Solar-driven activation of molecular oxygen (O₂) offers an appealing strategy to realize aerobic oxidation catalysis at room temperature, while the efficiency of photocatalytic O₂ activation is severely limited by lacking O₂ adsorption sites and poor carrier utilization. Herein, an efficient Ni₂P/Bi₃O₄Br-OVs heterojunction is firstly proposed to overcome the limitation by the dual-site design of oxygen vacancies (OVs) and on Ni₂P cocatalyst. By the joint observations from spectroscopic measurements and theoretical simulations, the introduction of OVs and Ni₂P on Bi₃O₄Br nanosheets can not only optimize the light absorption, facilitate the separation and transfer of photogenerated charge carrier through the S-scheme mechanism, but also provide active sites for effective adsorption and activation of oxygen molecules, thereby contributing to highly efficient generation of •O₂⁻ radicals. Benefiting from the more oxidative active species of •O₂⁻ and h⁺, the Ni₂P/Bi₃O₄Br-OVs photocatalyst achieves near-unity conversion rate and selectivity in aerobic oxidation of sulfide to sulfoxide, and it also exhibits outstanding photoactivity in the aerobic degradation of phenolic pollutants under visible light.
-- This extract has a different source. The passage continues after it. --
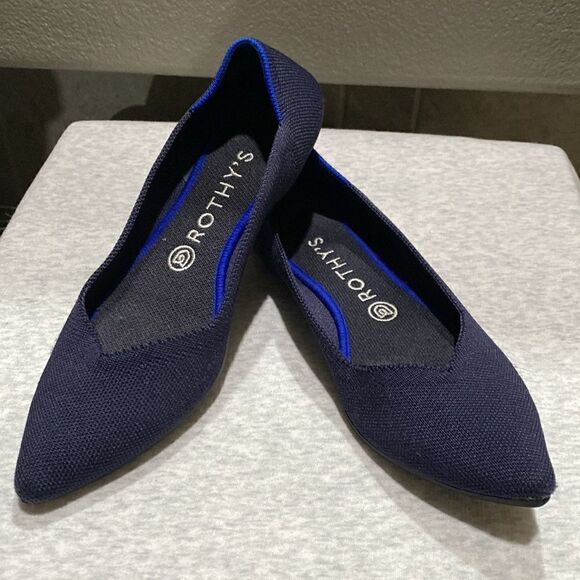 Rothy's The Point Women's Size 9 US Maritime Navy Pointed Toe Slip on Shoes - Picture 7 of 12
This study showcases a feasible O₂ activation approach by defect and heterojunction engineering, and provides a new perspective for designing high-performance photocatalysts in the field of aerobic oxidation catalysis.

太阳能驱动的分子氧（O ₂）活化为在室温下实现好氧氧化催化提供了一种有吸引力的策略，而光催化O ₂活化的效率由于缺乏O ₂吸附位点和较差的载流子利用率而受到严重限制。在此，首先提出了一种高效的Ni ₂ P/Bi ₃ O ₄ Br-OVs异质结，以克服氧空位（OVs）和Ni ₂ P助催化剂双位点设计的限制。通过光谱测量和理论模拟的联合观察，在Bi ₃ O _{4上引入OVs和Ni 2} PBr纳米片不仅可以优化光吸收，通过S型机制促进光生载流子的分离和转移，还可以为氧分子的有效吸附和活化提供活性位点，从而有助于高效生成•O ₂ ^-部首。Ni ₂ P/Bi ₃ O ₄受益于 •O ₂ ^-和 h ^{+的更具氧化活性的物质}Br-OVs光催化剂在硫化物好氧氧化为亚砜的过程中实现了近乎统一的转化率和选择性，并且在可见光下好氧降解酚类污染物中也表现出优异的光活性。本研究通过缺陷和异质结工程展示了一种可行的O ₂活化方法，并为有氧氧化催化领域的高性能光催化剂设计提供了新的视角。